L’Église catholique, premier empire nomade, « hors sol », s’est longtemps opposée par la force à la raison, à la science, au progrès, à l’Ordre marchand, aux droits des capitalistes comme à ceux des entrepreneurs et des travailleurs, avant de s’y résigner. Elle redeviendra, dans certaines de ses composantes, de plus en plus radicale, plus proche de ses idéaux initiaux. Certains catholiques reprocheront de plus en plus violemment au libéralisme de nier l’ordre divin ; ils s’opposeront de plus en plus à la démocratie, au marché, aux valeurs judéo-grecques, pour défendre sans compromis la pureté de la foi. D’autres dans l’Église, continueront à défendre encore la non-violence, l’amour et la justice.

Des Églises protestantes seront à l’avant-garde de ces luttes. En particulier l’évangélisme, venu de plusieurs États du sud des États-Unis  – la « Bible Belt » -, et qui regroupe plus de 70 millions de ressortissants américains, dont plusieurs centaines de milliers de pasteurs-propagandistes. L’évangélisme fait déjà la loi dans certains départements de nombreuses universités américaines ; il y censure l’enseignement des sciences et des autres religions. Ces Églises seront de plus en plus influentes politiquement. Elles inspireront de plus en plus de décisions du Congrès et de l’appareil d’État américains ; les discours et les actes de l’actuel président en sont déjà, eux aussi, très influencés. À les entendre, par un lent glissement sémantique, ce ne seront plus les valeurs de la démocratie que l’Occident devra défendre, mais celles de la chrétienté. Ces Églises inciteront les femmes à rentrer à la maison afin de faire de plus en plus d’enfants.
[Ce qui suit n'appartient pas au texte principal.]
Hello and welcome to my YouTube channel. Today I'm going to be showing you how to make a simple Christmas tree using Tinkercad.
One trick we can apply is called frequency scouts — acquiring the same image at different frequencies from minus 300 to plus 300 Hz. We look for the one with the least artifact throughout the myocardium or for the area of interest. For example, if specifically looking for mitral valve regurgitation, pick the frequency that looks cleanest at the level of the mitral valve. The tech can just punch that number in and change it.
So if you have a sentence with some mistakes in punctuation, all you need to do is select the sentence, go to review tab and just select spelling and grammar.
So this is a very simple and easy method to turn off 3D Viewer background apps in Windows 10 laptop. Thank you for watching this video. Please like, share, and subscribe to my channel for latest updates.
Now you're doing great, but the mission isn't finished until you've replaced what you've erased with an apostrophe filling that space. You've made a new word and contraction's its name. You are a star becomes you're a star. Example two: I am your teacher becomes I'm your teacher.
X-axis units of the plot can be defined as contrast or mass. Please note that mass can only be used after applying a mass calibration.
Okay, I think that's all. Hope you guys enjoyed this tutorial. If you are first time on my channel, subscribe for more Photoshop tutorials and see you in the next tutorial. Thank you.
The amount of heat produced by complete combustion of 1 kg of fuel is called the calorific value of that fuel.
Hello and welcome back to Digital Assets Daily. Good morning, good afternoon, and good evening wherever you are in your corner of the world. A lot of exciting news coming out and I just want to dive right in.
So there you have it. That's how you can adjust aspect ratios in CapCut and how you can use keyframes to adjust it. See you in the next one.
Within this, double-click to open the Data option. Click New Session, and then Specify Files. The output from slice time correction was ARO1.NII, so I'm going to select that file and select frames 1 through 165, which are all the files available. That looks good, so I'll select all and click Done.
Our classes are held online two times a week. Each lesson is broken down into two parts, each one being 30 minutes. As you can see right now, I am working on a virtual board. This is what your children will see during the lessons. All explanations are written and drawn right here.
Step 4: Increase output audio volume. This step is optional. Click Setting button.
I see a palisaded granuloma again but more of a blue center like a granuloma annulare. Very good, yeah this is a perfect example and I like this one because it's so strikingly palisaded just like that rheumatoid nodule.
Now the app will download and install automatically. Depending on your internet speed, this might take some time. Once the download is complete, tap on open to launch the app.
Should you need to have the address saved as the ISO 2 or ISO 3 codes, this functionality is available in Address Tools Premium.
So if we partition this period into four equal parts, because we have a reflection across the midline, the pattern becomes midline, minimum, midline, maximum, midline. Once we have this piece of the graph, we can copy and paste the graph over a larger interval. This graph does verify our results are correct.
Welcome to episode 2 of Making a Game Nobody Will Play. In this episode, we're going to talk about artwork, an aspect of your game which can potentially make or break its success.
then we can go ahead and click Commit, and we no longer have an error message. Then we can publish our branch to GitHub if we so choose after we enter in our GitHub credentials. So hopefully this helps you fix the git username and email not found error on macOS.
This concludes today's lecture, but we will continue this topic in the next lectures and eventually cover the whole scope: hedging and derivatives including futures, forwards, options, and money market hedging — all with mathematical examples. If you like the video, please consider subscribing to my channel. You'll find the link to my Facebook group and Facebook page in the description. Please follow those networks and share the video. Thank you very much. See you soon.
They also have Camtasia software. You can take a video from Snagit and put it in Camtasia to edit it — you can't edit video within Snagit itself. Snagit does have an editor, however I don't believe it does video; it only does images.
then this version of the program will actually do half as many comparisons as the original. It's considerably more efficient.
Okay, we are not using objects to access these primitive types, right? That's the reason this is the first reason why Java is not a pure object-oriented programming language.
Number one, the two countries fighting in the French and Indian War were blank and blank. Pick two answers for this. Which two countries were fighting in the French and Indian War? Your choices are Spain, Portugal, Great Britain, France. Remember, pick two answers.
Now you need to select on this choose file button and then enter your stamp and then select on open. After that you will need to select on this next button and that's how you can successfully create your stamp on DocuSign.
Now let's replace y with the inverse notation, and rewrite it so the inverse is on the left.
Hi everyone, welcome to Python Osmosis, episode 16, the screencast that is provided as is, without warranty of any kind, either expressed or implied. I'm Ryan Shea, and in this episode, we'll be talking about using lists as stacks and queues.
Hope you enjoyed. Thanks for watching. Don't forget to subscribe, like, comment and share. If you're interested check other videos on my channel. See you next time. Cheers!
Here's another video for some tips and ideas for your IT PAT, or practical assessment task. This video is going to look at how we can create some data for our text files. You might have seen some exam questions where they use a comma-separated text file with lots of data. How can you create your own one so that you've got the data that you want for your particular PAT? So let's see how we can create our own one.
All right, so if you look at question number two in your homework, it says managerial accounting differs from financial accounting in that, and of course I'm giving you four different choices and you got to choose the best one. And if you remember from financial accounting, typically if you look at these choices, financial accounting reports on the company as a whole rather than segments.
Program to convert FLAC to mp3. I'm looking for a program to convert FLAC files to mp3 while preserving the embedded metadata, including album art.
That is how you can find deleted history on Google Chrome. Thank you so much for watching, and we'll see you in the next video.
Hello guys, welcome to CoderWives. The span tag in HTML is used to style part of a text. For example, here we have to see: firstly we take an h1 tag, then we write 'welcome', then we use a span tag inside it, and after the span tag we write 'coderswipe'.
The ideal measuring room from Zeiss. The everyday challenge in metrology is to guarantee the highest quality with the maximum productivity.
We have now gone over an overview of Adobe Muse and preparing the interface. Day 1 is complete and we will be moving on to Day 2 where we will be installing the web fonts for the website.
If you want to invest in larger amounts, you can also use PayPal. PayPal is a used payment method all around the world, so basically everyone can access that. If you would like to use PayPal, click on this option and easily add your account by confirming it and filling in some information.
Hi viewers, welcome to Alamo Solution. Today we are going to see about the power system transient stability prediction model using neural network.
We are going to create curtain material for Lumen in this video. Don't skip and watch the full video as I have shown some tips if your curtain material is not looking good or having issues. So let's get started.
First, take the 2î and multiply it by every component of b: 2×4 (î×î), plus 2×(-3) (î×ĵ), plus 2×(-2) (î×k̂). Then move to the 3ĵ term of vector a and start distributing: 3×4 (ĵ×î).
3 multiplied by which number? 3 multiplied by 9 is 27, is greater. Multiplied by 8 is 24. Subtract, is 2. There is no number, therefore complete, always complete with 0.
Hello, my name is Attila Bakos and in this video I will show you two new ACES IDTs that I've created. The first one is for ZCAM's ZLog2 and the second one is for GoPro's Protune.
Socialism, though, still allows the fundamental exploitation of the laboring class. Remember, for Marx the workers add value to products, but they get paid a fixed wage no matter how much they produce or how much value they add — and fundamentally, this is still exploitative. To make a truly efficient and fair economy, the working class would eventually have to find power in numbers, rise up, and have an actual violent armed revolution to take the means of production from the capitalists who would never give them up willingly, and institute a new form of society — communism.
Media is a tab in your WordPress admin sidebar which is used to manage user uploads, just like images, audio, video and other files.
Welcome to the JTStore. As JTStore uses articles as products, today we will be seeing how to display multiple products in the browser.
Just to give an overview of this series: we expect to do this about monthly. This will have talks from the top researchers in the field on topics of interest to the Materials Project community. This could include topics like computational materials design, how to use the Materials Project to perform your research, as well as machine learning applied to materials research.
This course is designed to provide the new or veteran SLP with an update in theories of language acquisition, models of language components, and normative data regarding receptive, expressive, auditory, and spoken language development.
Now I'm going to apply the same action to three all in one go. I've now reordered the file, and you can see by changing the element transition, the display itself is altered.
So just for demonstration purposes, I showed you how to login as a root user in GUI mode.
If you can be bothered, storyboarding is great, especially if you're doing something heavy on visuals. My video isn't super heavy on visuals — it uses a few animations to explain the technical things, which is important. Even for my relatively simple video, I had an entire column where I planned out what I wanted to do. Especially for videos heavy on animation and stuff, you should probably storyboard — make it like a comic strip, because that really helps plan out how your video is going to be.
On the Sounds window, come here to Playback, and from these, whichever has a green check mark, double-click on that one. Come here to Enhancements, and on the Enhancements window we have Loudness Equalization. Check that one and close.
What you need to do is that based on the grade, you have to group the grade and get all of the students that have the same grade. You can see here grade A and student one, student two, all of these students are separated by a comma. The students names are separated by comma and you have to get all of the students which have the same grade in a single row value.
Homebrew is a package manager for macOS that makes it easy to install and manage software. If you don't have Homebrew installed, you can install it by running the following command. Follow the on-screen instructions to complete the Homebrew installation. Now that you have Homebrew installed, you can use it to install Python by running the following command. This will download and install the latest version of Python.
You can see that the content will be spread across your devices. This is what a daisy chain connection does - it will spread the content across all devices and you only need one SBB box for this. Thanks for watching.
Au moment où l’émergence de l’hyperempire menacera sérieusement l’existence même des États-Unis, certaines de ces Églises pourraient aller jusqu’à encourager l’Amérique à mener une guerre contre l’islam, voire contre la démocratie et contre le capitalisme. Seuls parmi les grandes démocraties à n’avoir jamais connu un passé de dictature, les États-Unis pourraient alors, vers 2040, être la proie d’une tentation théocratique, explicite ou implicite, sous la forme d’un isolationnisme théocratique où la démocratie ne serait plus qu’une apparence.

En Afrique comme en Amérique latine, les citadins, dont la misère ne fera qu’empirer, seront de plus en plus sensibles au discours de ces Eglises évangélistes, devenues des puissances financières, idéologiques, militaires et politiques majeures. Au Brésil, plus de 30 millions de personnes en sont déjà adeptes. Elles sont présentes au Japon, en Inde, en Chine, en Indonésie. Elles s’entendront, comme elles l’ont déjà fait, avec des mafias, des empires du crime, des maîtres du jeu et pourraient fort bien s’allier, çà et là, avec des pirates laïcs, trafiquants d’armes, de femmes ou de drogues. Elles rivaliseront aussi, frontalement, avec l’islam  – avec lequel la concurrence sera acharnée  –, elles défendront les chrétiens dans les pays où ceux-ci sont minoritaires comme au Liban, en Syrie, en Irak, en Palestine. Elles tenteront même, non sans un certain succès, de convertir des musulmans  – minorités kurdes d’Irak et de Syrie, Berbères du Maghreb  – en leur apportant une aide sociale et en leur promettant des visas vers l’Amérique ou l’Europe en tant que « chrétiens persécutés ».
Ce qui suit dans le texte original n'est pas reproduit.